Bernard Severino, 73, said Charles did not confess to the slayings during the conversation and at one point suggested that Severino could have murdered Edward and Dolores Charles and their son Danny, 19.

Severino testified that Charles said, “ ‘Grandpa, I’m 22 years old. I’m a young fellow. You’re an old man. . . . Perhaps you should take the blame for this. You’ve lived your life.’ ”


Severino, who lived in the Fullerton house with the victims, said he got angry, cursed and hung up on his grandson. Charles called back a few minutes later, pleading that his girlfriend was pregnant and that he had to get on with his life, Severino said.

Severino was one of two prosecution witnesses to testify Friday before Municipal Judge Robert Keefe, opening a preliminary hearing to decide whether Charles should stand trial in the killing of his three family members. The victims were bludgeoned, stabbed and choked, then stuffed into a car that was set on fire in La Mirada on Nov. 7.

The 22-year-old Charles, who faces the death penalty if convicted, has pleaded not guilty.

His lawyer, Deputy Public Defender Ronald Klar, sought to portray a fractious family divided by sibling rivalry and the parents’ disapproval of their older son, including his failure to stay in college and his relationship with his girlfriend.

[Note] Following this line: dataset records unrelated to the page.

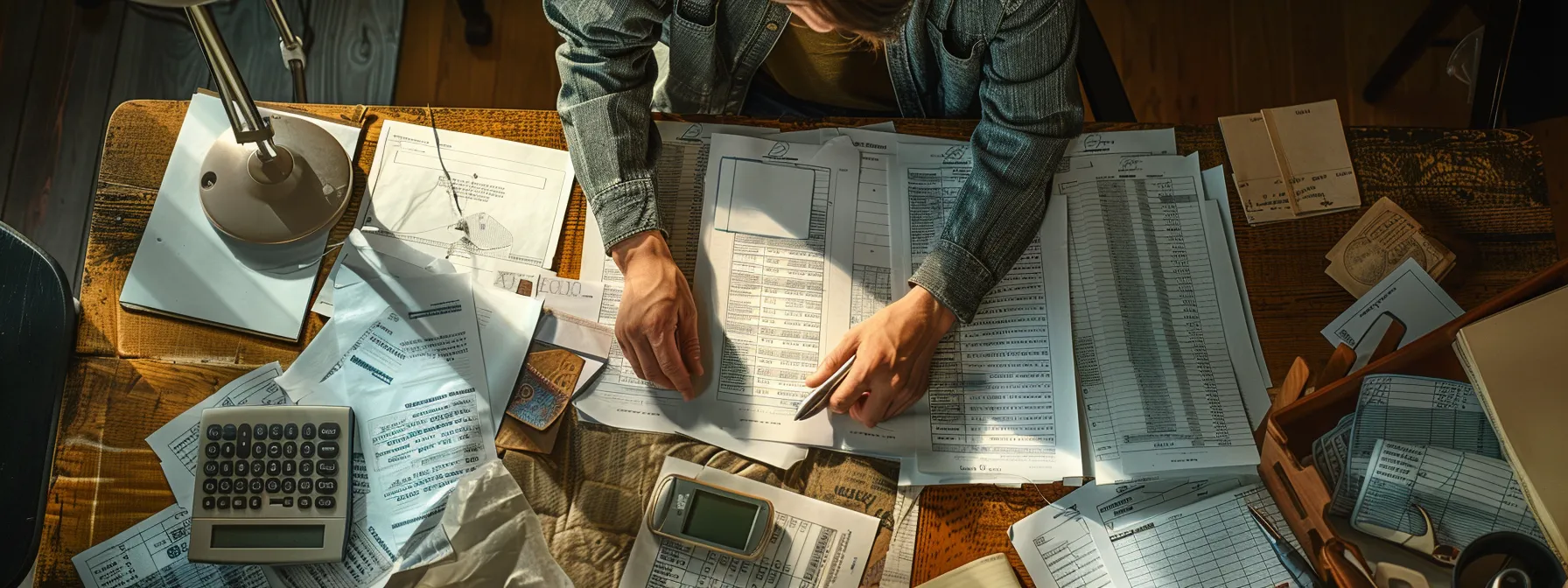 a person carefully examining a detailed pricing chart for personalized mail services, surrounded by papers and calculators, highlighting the complexity of pricing structures and hidden fees.
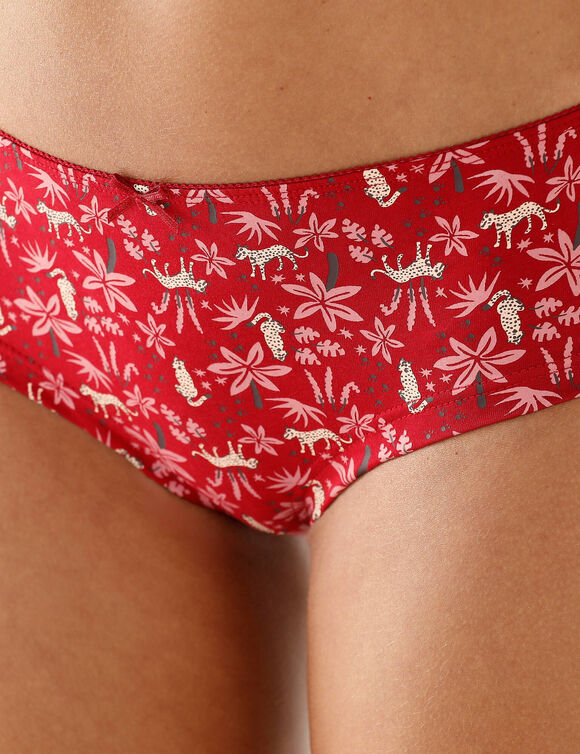 Shorty coton stretch imprim&eacute; "panth&egrave;re" - lot de 4 (rouge)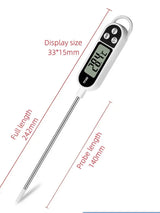 Digital Food Thermometer with Stainless Steel Probe – Instant Read Kitchen & BBQ Temperature Gauge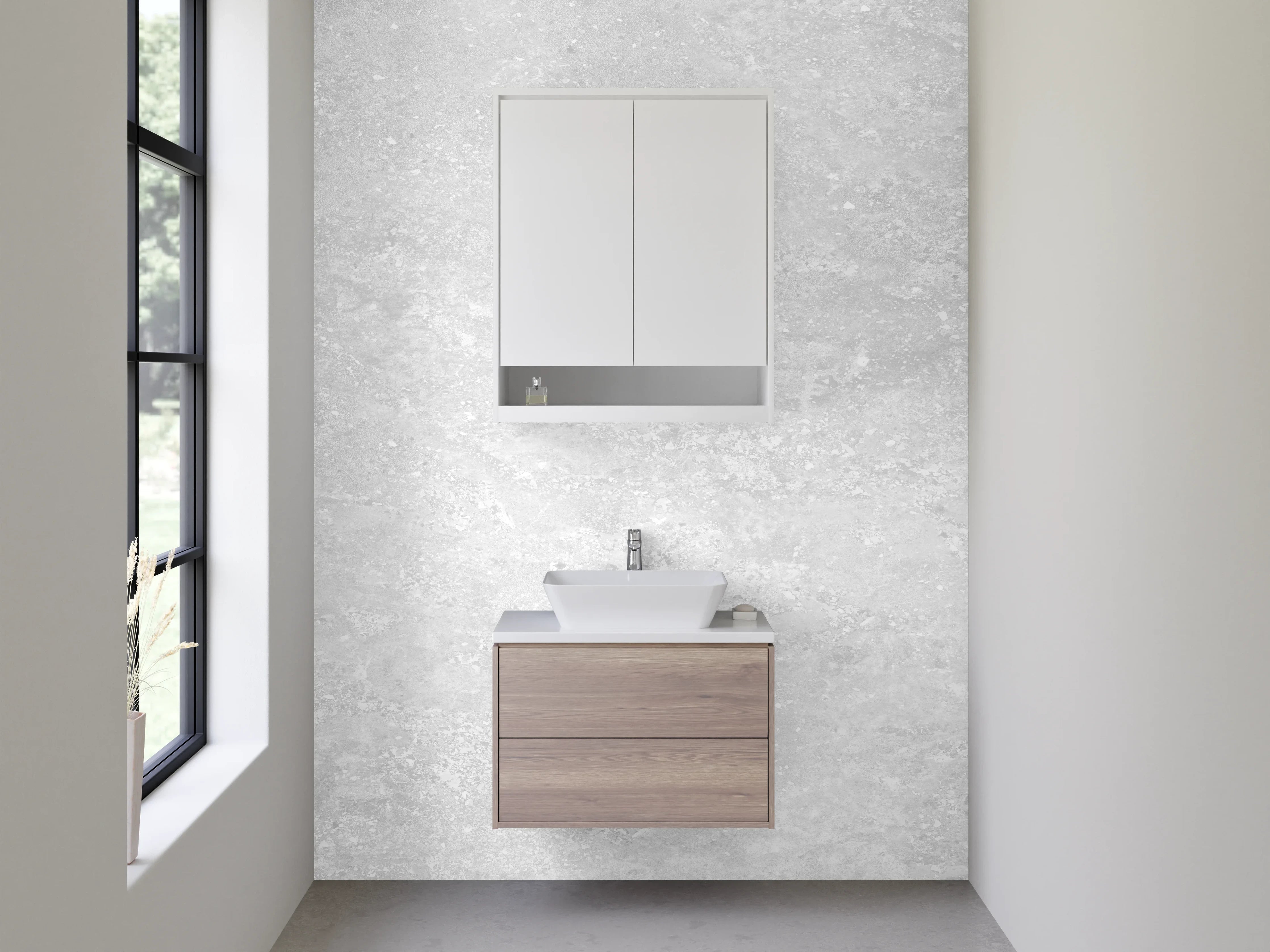 Waschbecken-Rückwand - Heller grauer Marmor mit feiner Textur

Under Klar’s questioning, Severino said the parents--Edward Charles Jr., 55, a Hughes Aircraft engineer, and Dolores Charles, 47, a self-employed typist--heaped praise on Danny Charles, a USC student and award-winning young performer. But Severino said he could not recall any time they showed the same admiration for their eldest son, a Fullerton mechanic who dropped out of college twice and surprised friends with talk of trying out for the Olympic boxing team.

Severino said the couple viewed their eldest son as a disappointment “because he didn’t go to college or finish college.”

Charles argued with his “perfectionist” father, and the two sometimes did not speak to each other, Severino said. Family tension grew during the past year, Severino said, when the defendant started dating a 27-year-old cosmetology student.


“I don’t think Dolores was too fond of her,” Severino said. He did not say why.

A homeless woman, LeAnn Pollaccia, testified that two days after the slayings, she found a pile of bloody clothes, necklaces and a bloody wrench in a Fullerton dumpster, where she was looking for aluminum cans.

Prosecutors said the wrench, later turned over to police, has an unusual logo matching symbols on other tools belonging to the defendant.

Pollaccia acknowledged she faces felony drug charges in Santa Ana and was housed for a month by prosecutors.

The hearing resumes March 31. Deputy Dist. Atty. David Brent said Friday’s session was set early out of concern that, because of Severino’s age and Pollaccia’s transient life, the witnesses might not be readily available for the main hearing later.